Drop every picture, then print the rest of the listing exactly as given.

Raw data:

• • • •

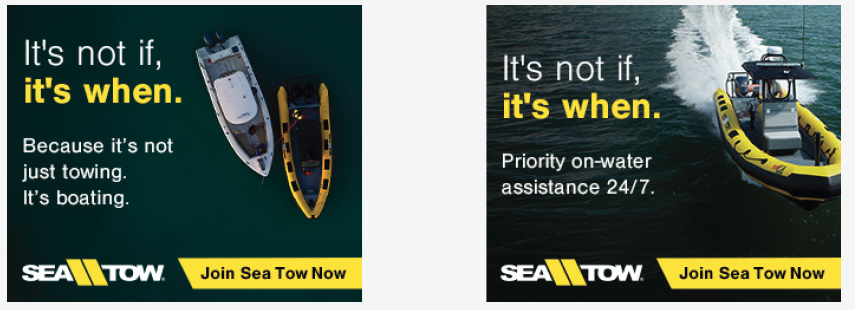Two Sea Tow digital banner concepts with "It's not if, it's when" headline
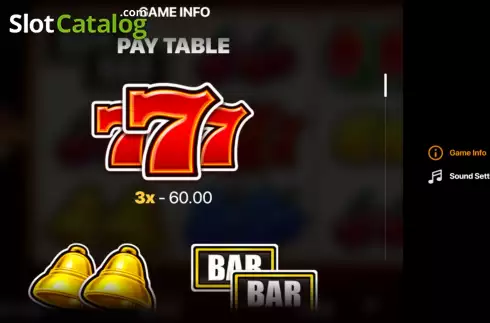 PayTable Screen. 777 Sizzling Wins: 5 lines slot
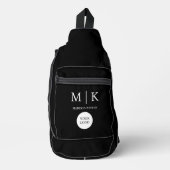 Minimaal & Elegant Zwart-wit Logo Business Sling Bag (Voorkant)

• • • •

Solved problem:
Two Sea Tow digital banner concepts with "It's not if, it's when" headline
 PayTable Screen. 777 Sizzling Wins: 5 lines slot
 Minimaal & Elegant Zwart-wit Logo Business Sling Bag (Voorkant)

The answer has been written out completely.